Après avoir trouvé f(x) = ax + b, contrôlez toujours deux choses : f(0) = b et l’image d’un autre point connu. Ces deux vérifications repèrent presque toutes les erreurs de signe ou de calcul.
Maîtriser une fonction affine revient finalement à relier trois langages : une formule, un tableau et une droite. Dès que vous savez passer de l’un à l’autre, vous pouvez interpréter une variation régulière, produire une prévision raisonnable et résoudre les questions algébriques associées.
Questions fréquentes
On vous répond
Quelle est la différence entre une fonction affine et une fonction linéaire ?
Une fonction affine s’écrit f(x) = ax + b. Une fonction linéaire s’écrit seulement f(x) = ax : elle est donc un cas particulier de fonction affine pour lequel b = 0.
Graphiquement, la droite d’une fonction linéaire passe toujours par l’origine du repère. Celle d’une fonction affine peut couper l’axe des ordonnées à une autre hauteur.
Comment savoir si une droite correspond à une fonction affine ?
Dans un repère usuel, une droite correspond à une fonction affine dès lors qu’elle n’est pas verticale. Une droite verticale ne peut pas être le graphique d’une fonction, car une même abscisse y possède plusieurs ordonnées.
Vous pouvez alors déterminer sa formule en calculant sa pente avec deux points, puis son ordonnée à l’origine.
Comment calculer le coefficient directeur avec deux points ?
Pour deux points A(x1 ; y1) et B(x2 ; y2), avec x1 ≠ x2, utilisez a = (y2 − y1) / (x2 − x1).

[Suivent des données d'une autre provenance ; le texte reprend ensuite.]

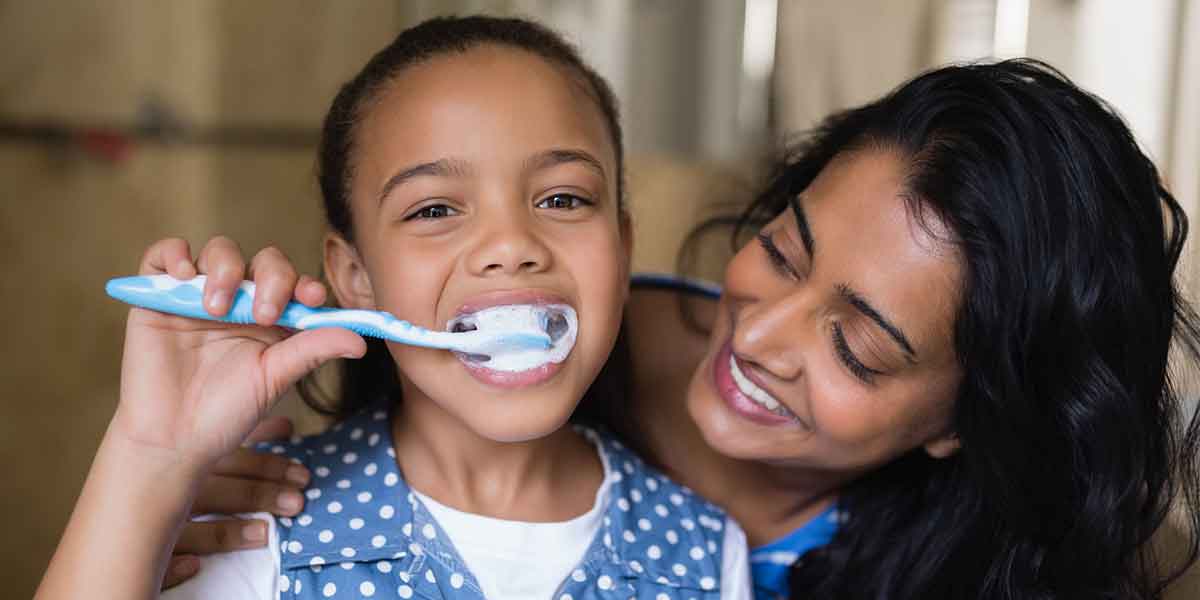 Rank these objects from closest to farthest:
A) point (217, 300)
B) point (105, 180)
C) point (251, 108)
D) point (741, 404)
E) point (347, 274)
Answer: point (217, 300) → point (347, 274) → point (741, 404) → point (105, 180) → point (251, 108)

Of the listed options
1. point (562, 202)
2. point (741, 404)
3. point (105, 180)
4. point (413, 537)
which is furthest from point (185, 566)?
point (105, 180)

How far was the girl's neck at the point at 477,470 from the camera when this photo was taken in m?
0.95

Gardez impérativement le même ordre de soustraction au numérateur et au dénominateur. Une fois a connu, remplacez les coordonnées de l’un des deux points dans y = ax + b pour trouver b.
Une fonction affine peut-elle être constante ?
Oui. Lorsque son coefficient directeur vaut zéro, la formule devient f(x) = b. Quelle que soit la valeur de x, l’image reste la même.
Sa représentation graphique est une droite horizontale. C’est bien une fonction affine, mais elle n’est pas croissante ou décroissante au sens strict.
Comment trouver le point où une fonction affine coupe l’axe des abscisses ?
Il faut chercher le zéro de la fonction, donc résoudre f(x) = 0. Pour f(x) = ax + b, avec a ≠ 0, on obtient x = −b/a.
Le point d’intersection avec l’axe des abscisses a alors pour coordonnées (−b/a ; 0). Si a = 0, la droite est horizontale : elle ne coupe l’axe que si la constante vaut elle-même zéro.
Dans quels cas ne faut-il pas utiliser un modèle affine ?
Évitez un modèle affine lorsque la variation n’est pas régulière : croissance qui accélère, diminution en pourcentage, plafonnement, seuil de déclenchement ou paliers tarifaires sont des signaux fréquents.
Il faut aussi rester prudent lors d’une extrapolation très éloignée des données disponibles. Une droite peut résumer une tendance locale sans décrire correctement le phénomène à long terme.